Outra bandeira que vocês levantam é a revisão do Sistema Esportivo Nacional…
Na verdade a construção, porque o sistema nem existe… O esporte de
elite e especificamente o futebol é bem estruturado. Mas as outras
dimensões não estão. Não existem serviços públicos de esporte a longo
prazo. Então o que as Prefeituras investem em termos de esporte
atualmente? Ok, tem as escolas, a educação física, teoricamente. Mas
depende ali do orçamento em Educação e do que a gestão municipal queira
fazer. E o resto da população? Como ela é atendida em esporte?
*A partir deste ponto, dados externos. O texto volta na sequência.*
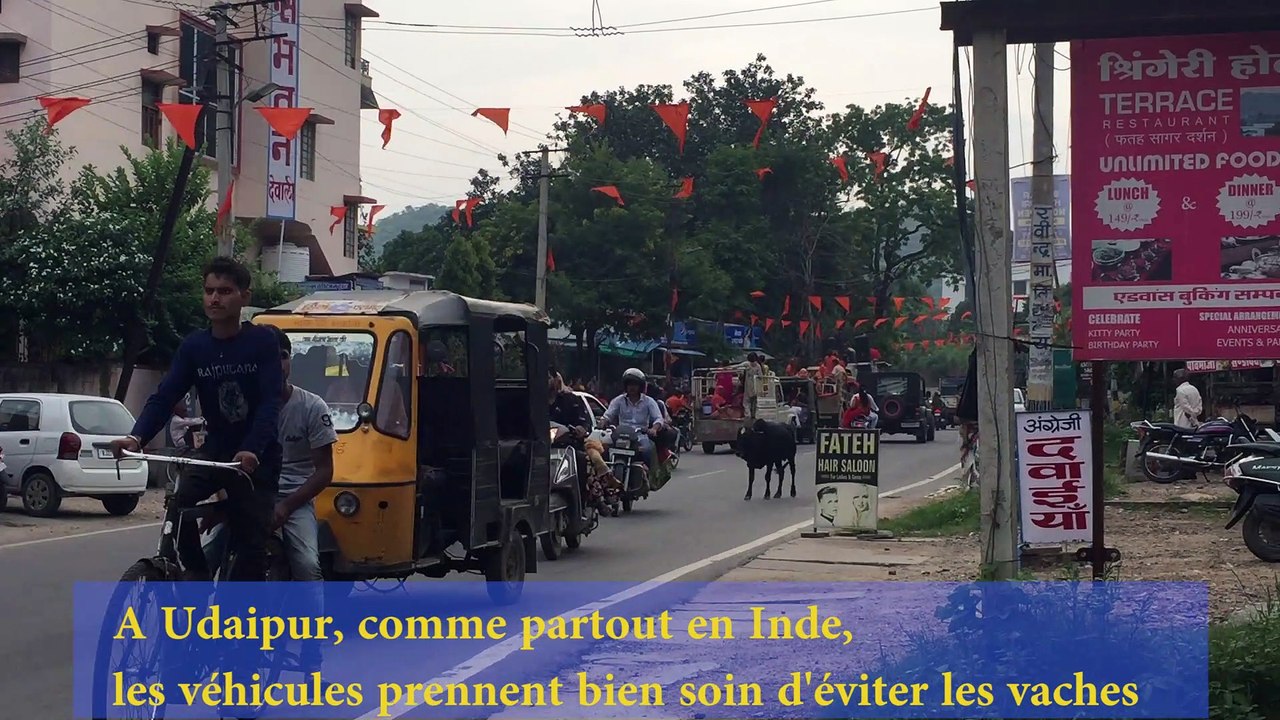 Les vaches, ces animaux si sacrés en Inde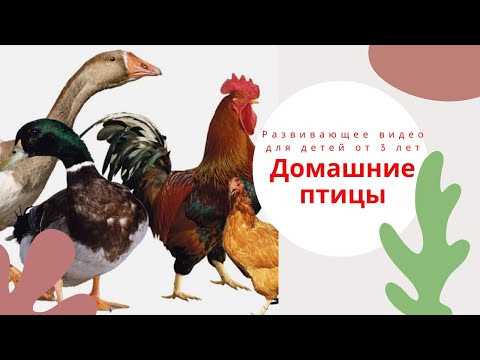 , title : 'ДОМАШНИЕ ПТИЦЫ.🐓🐥 Развивающее видео для детей от 3 лет. Домашние птицы для детей. Раннее развитие'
Não
existe uma regra para isso, não existe orçamento para isso. As
Prefeituras, as Secretarias de Esporte tem 0,5% do orçamento total!
Então não existe. A gente teve programas, o Segundo Tempo, o Mais
Educação, em que alguns municípios investiram em mobilidade, pistas de
corrida, ciclofaixas, ciclovias, parques, e outros não. Ou uma gestão
faz e outras não. Não existe nada estruturante no esporte. Por exemplo,
quais as funções da Federação? Do Estado? Do município? Então queremos
essa estrutura para guiar os investimentos em esporte.
Quem formaria o Comitê Interministerial, proposto por vocês, e como ele atuaria na disseminação da prática esportiva?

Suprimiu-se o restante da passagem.